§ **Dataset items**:
————————
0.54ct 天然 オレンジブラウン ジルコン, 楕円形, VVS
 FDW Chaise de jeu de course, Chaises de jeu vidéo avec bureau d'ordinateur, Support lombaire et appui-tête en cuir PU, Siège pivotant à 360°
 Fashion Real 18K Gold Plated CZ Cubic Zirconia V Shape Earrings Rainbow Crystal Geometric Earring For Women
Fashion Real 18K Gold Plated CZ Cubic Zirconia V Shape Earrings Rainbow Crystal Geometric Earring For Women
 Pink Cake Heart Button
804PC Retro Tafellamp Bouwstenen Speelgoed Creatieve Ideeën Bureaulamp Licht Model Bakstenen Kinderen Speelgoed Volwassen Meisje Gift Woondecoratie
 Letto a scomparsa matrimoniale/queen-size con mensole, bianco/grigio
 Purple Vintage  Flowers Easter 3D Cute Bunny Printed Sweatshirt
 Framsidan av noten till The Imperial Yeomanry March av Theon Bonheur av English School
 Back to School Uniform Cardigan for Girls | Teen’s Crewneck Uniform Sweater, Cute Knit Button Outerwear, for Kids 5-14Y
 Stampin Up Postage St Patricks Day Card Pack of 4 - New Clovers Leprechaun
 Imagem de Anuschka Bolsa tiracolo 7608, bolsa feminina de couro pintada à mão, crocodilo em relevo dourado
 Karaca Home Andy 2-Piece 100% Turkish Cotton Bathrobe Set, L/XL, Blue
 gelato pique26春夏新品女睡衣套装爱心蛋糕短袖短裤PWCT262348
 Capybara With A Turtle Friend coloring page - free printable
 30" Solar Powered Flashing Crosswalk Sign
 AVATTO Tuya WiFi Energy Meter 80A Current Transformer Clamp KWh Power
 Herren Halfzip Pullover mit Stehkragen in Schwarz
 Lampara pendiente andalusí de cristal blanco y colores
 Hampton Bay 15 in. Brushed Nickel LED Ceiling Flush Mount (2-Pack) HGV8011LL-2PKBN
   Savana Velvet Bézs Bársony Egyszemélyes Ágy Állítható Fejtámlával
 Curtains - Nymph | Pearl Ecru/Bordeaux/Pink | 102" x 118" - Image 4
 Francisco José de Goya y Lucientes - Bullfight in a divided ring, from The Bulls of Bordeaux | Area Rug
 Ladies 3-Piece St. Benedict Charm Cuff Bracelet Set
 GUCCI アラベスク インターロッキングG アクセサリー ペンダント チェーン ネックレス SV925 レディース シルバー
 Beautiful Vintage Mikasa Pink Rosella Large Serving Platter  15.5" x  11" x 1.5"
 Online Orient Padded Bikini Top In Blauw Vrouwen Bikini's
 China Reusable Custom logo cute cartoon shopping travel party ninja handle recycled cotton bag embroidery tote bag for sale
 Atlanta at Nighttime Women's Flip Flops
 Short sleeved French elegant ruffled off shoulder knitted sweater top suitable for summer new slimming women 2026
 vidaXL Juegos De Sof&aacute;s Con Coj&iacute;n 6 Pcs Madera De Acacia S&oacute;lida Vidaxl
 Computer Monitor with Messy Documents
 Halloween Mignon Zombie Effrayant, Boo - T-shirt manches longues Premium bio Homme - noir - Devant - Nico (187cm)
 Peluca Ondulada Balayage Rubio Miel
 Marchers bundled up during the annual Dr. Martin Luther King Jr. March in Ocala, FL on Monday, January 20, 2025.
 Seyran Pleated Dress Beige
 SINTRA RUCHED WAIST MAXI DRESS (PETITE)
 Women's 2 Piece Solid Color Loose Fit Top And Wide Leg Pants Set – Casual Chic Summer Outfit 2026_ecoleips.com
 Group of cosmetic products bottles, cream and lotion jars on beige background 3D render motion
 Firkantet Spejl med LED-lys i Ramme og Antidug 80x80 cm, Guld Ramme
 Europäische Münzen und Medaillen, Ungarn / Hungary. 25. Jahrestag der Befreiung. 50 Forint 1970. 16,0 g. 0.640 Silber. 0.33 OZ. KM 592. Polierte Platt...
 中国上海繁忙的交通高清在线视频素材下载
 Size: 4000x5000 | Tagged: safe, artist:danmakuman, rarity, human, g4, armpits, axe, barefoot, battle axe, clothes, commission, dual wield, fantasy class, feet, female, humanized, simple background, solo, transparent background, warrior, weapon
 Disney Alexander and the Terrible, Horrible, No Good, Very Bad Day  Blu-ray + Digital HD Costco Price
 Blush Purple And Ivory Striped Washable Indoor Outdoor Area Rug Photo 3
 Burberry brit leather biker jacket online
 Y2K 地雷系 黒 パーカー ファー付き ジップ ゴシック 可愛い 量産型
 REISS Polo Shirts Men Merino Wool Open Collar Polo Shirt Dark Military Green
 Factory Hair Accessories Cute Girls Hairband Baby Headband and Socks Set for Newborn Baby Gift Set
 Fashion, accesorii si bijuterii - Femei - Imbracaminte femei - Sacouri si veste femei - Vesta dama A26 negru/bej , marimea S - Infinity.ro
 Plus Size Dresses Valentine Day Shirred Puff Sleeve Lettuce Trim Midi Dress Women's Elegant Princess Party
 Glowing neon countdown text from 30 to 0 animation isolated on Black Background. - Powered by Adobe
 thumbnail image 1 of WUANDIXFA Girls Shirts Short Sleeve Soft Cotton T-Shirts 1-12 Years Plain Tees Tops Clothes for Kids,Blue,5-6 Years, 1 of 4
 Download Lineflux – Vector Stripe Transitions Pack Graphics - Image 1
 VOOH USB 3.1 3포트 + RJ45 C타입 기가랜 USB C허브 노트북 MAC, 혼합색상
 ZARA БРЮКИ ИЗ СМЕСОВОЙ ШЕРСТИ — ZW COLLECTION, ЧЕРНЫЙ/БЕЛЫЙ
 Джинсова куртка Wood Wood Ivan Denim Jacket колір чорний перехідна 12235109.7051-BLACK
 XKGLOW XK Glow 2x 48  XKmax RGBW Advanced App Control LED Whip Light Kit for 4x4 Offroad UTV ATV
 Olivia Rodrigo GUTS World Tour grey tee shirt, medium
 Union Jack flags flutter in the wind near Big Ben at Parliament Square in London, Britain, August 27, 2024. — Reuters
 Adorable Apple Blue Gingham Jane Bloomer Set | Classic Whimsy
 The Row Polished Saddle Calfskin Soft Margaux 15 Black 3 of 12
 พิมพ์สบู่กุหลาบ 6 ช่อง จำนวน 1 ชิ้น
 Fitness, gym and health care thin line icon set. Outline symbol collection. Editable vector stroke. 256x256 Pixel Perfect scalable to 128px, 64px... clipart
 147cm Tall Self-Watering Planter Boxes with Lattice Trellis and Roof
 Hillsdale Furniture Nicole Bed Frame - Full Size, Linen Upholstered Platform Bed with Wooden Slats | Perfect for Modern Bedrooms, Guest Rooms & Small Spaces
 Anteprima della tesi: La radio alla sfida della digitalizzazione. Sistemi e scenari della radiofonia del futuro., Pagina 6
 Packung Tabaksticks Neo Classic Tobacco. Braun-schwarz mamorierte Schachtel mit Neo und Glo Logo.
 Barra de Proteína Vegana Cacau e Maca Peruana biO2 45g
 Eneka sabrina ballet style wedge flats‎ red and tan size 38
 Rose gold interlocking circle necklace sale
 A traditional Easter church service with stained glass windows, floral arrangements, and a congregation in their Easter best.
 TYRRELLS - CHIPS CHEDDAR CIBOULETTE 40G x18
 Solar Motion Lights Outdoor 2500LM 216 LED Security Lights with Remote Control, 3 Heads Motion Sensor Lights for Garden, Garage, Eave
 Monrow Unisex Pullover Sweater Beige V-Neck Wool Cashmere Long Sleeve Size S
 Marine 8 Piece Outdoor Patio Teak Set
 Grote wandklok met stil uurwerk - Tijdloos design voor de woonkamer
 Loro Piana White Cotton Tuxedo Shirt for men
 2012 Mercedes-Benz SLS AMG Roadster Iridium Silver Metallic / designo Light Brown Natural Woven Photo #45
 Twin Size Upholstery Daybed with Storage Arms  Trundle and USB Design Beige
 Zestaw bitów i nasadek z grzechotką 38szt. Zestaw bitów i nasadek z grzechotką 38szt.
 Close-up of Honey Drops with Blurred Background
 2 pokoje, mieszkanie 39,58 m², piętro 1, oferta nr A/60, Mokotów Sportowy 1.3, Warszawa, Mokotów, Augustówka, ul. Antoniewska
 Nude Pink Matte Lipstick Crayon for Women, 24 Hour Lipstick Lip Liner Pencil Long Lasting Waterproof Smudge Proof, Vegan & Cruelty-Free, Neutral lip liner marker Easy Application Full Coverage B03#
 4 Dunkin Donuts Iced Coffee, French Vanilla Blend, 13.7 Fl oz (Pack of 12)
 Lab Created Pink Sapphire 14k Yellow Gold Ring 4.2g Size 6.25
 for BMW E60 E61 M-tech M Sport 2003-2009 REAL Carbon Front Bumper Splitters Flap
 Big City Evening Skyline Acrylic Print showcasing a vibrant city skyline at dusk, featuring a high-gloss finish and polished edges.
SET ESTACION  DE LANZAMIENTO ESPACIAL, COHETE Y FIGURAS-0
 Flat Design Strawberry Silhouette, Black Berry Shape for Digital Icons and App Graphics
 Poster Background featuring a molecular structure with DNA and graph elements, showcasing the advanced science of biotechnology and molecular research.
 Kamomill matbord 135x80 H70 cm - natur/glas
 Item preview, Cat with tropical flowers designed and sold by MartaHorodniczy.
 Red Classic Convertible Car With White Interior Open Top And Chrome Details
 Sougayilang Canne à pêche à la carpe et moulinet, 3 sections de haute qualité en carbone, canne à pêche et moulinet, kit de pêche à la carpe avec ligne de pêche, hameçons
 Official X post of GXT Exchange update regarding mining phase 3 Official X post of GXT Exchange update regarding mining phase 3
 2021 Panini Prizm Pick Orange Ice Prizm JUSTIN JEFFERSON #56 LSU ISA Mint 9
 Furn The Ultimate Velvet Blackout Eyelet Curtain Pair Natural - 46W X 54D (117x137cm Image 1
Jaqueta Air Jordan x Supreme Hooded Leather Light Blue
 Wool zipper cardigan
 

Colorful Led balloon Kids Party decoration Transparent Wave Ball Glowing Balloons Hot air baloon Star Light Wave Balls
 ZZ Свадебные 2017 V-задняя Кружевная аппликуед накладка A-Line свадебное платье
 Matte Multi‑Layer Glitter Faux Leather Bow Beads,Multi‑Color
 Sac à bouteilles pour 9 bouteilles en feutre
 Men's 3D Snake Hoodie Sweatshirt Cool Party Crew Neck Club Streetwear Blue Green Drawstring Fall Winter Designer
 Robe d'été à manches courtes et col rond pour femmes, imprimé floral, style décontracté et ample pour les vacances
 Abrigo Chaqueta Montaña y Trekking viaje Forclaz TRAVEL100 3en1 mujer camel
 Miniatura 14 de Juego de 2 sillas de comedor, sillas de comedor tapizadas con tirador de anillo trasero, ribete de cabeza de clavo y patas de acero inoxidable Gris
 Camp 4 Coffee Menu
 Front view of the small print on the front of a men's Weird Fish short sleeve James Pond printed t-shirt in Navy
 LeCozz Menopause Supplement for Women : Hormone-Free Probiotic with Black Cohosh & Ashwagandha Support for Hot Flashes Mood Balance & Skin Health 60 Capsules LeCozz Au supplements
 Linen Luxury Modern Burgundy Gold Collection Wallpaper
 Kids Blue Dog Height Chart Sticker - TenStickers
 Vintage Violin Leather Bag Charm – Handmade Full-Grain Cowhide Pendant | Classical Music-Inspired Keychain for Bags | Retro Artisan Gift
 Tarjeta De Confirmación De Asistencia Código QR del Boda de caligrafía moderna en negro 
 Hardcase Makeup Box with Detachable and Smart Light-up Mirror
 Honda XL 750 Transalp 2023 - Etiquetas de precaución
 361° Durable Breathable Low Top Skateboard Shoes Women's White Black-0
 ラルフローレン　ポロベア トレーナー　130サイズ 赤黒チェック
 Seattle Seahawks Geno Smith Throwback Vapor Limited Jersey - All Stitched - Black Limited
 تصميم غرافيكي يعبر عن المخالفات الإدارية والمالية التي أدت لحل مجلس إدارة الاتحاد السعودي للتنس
————————
§ **WORK TO COMPLETE**:
Lines above containing "Outdoor": give their number only.

§ **RESULT**:
3